Il y a au moins 30 ans, des membres de « l’élite » ivoirienne actuelle, formés à l’étranger sous Houphouët-Boigny, ont dû, pour diverses raisons et souvent à contre cœur, se trouver un emploi dans leur pays d’accueil, une fois leurs études terminées, soit à cause de leur spécialité, soit parce que le marché de l’emploi en Côte d’Ivoire commençait déjà à devenir exsangue. Ils avaient été happés par les grandes entreprises françaises ou américaines, alors même qu’en Côte d’Ivoire, à l’exception de ceux qui étaient « des fils de… », ils pouvaient passer des mois à arpenter les rues du Plateau pour déposer leurs Curriculum Vitae ici et là, à la recherche d’un emploi. Nombreux sont les membres de cette « l’élite » qui ont dû se résoudre à se prévaloir de la nationalité de leur pays d’accueil pour diverses raisons. Dans mon cas particulier, le renouvellement du passeport ivoirien, par le biais du Consulat de France, allait durer un peu plus de 6 mois. Non seulement, je ne pouvais rester six mois sans document officiel d’identité, ce délai aurait sérieusement affecté ma carrière professionnelle. Alors oui, j’ai dû acquérir la nationalité de mon pays d’accueil.
Cependant, à quelques années de l’âge légal de la retraite, j’ai décidé de rentrer dans le seul pays au monde qui me restait gravé dans le cœur et dans l’âme pour y apporter ma contribution, aussi infime qu’elle soit. Je tombe donc sous le coup de la même règle que Tidjane Thiam, même si je n’ai nulle intention de me porter candidat à une élection quelle qu’elle soit. Et je sais que plusieurs membres de « l’élite » ivoirienne de ma génération tombent donc sous le coup de cette même règle. Alors, s’il ne s’agit pas là d’écarter un candidat qui gêne, que justice soit faite, et que tous les Ivoiriens qui ont acquis la double nationalité soient rayés de la liste électorale. Ce sera facile, ils se connaissent tous, et je suis sûr qu’ils ne voudront pas s’associer à une telle forfaiture.
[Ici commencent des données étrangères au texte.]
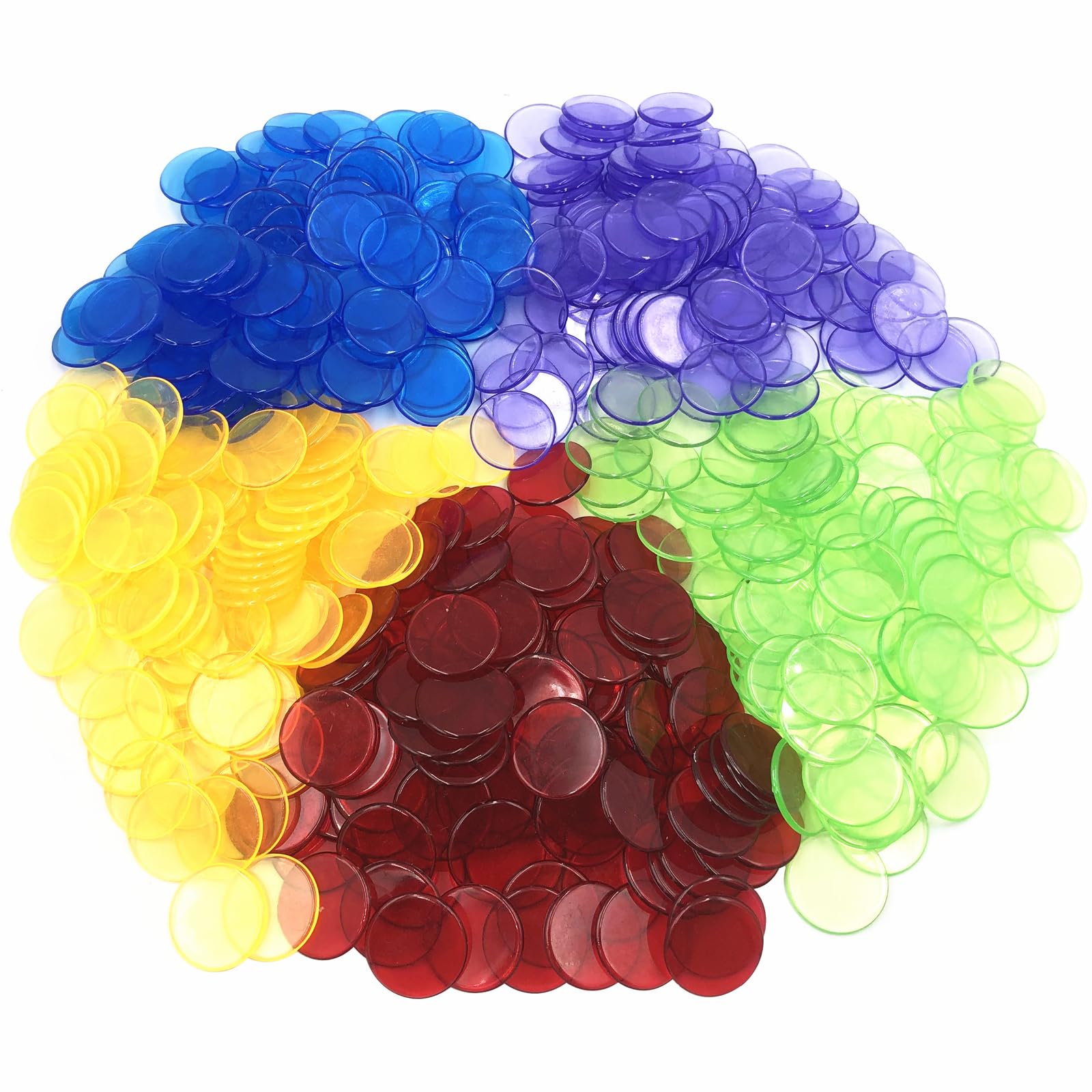 Yuanhe 500 Pieces 3/4 Inch Transparent Counting Chips for Bingo Game, Party, Classroom, Game Night - Mixed Color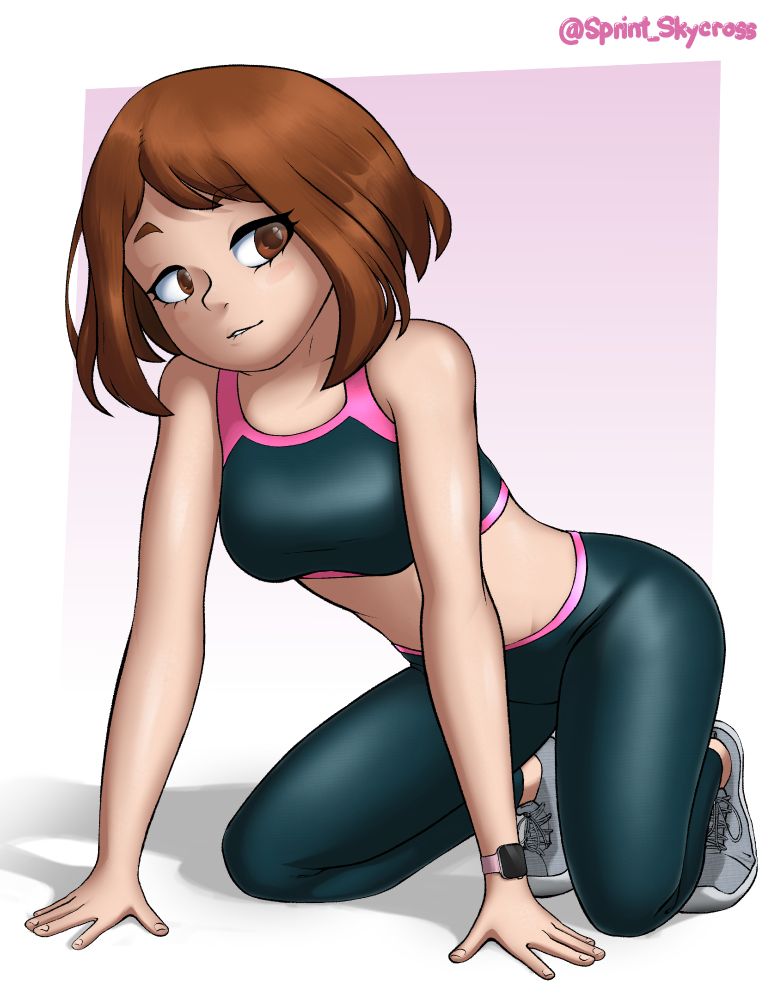 Ochaco Uraraka from my hero academia, kneeling down, wearing gym clothes.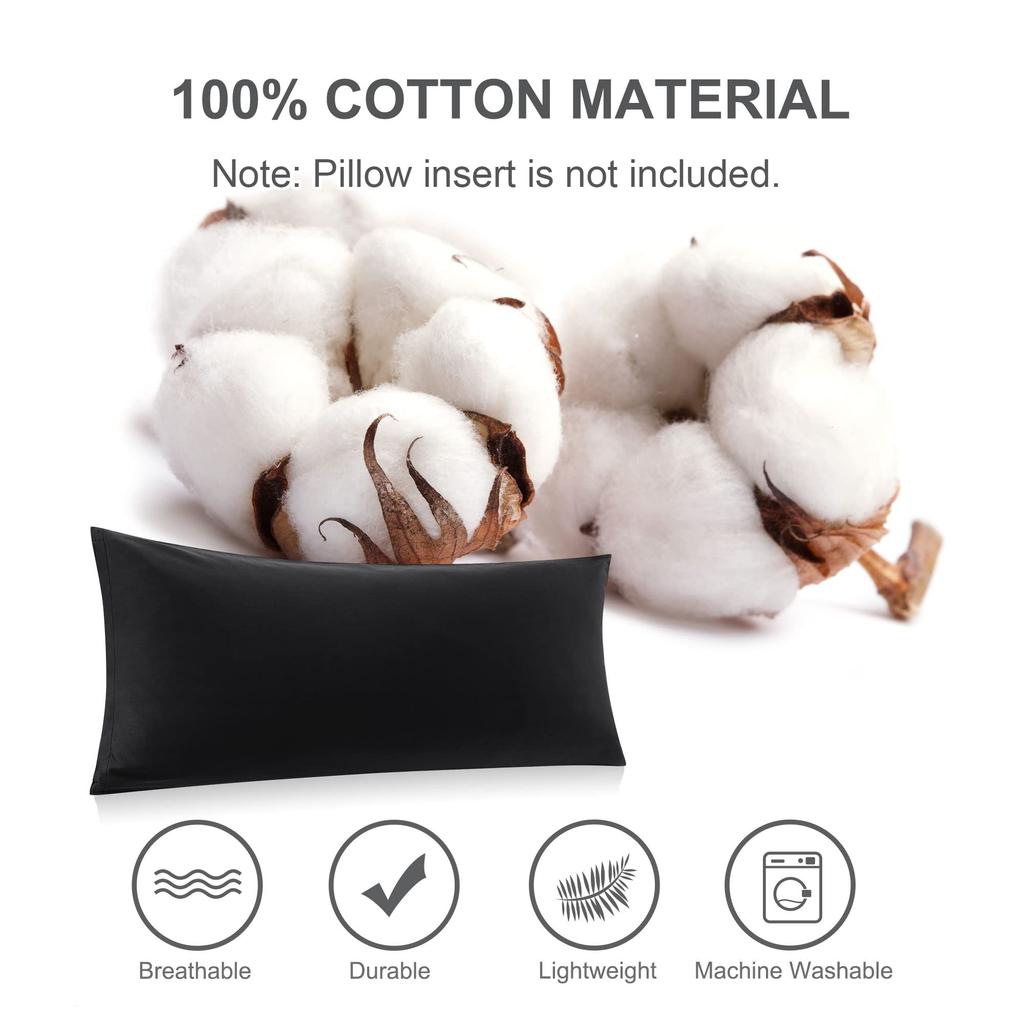 PiccoCasa Body Pillow Zippered Pillow Body Pillow Gentle On the 1 50x120cm Cover, 100% Cotton, Cover, Life-Size Cover, Cotton, Plain, Fluffy, Soft,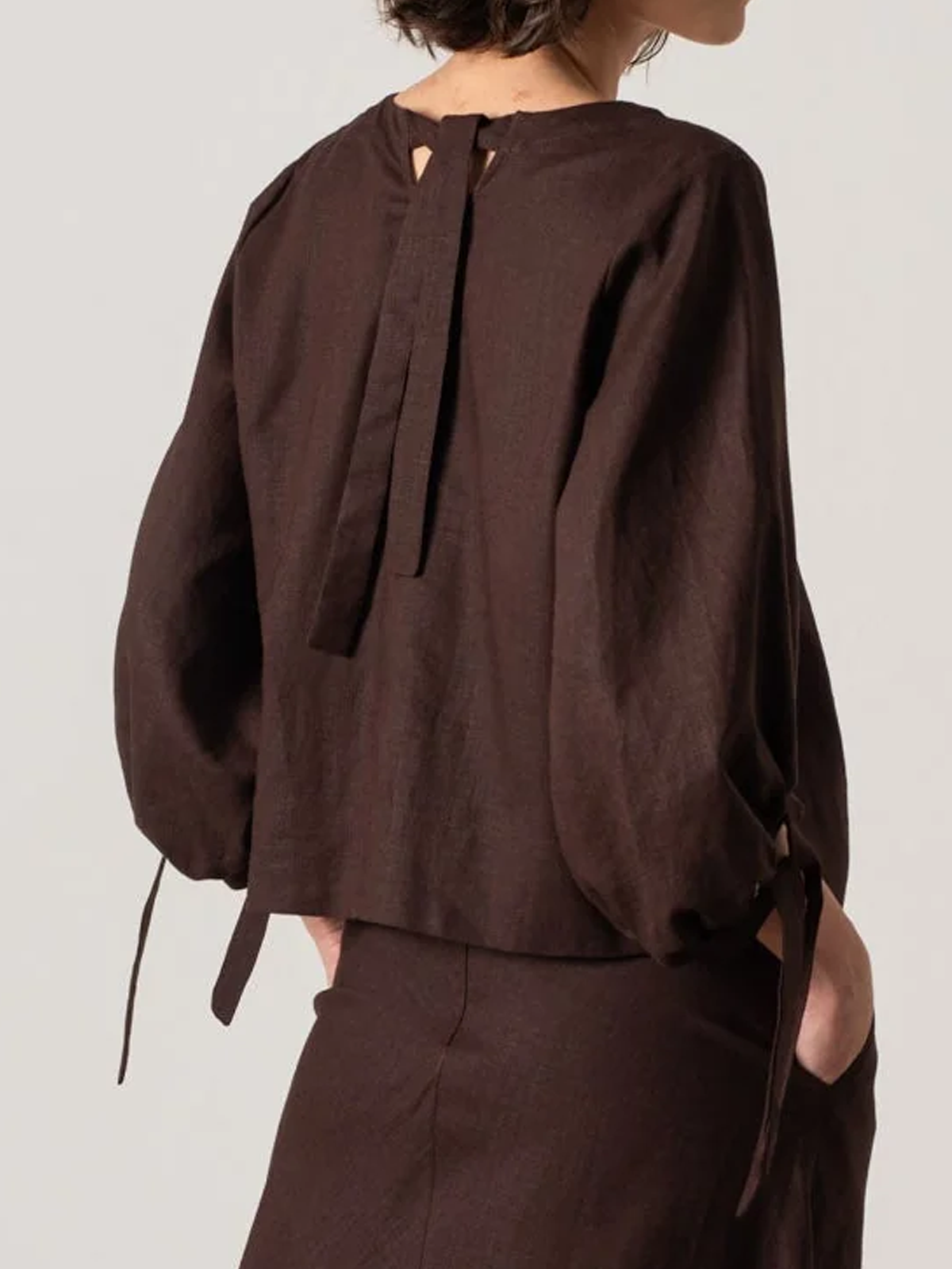 Linen Crew Neck Plain Long Sleeve Blouse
Mais puisqu’on y est, poussons le raisonnement un peu plus loin, et demandons à tous nos frères et sœurs qui, par concours de circonstance ou par nécessité, se sont prévalus de la nationalité ivoirienne, sans pour autant se séparer de leur nationalité d’origine. Et comme Jeannot Ahoussou Kouadio (ancien premier ministre, ancien président du Sénat, et d’origine burkinabé comme le président Alassane Ouattara, ndlr), à moins d’avoir subi une lobotomie, ils se connaissent et nous les connaissons. Ils sont nombreux dans les hautes sphères de l’administration ivoirienne et même au sein du gouvernement. Eux au moins auront l’avantage de ne pas se retrouver apatrides. Auront-ils le courage de s’identifier et de rejoindre Tidjane Thiam ou voudront-ils s’associer à une telle forfaiture et ouvrir la voie royale à ceux qui veulent à tout prix vaincre sans péril ? Les dieux ne rendent fous que ceux qu’ils veulent perdre (Sophocle). Allons-y seulement … et que cette folie prenne fin en 2025.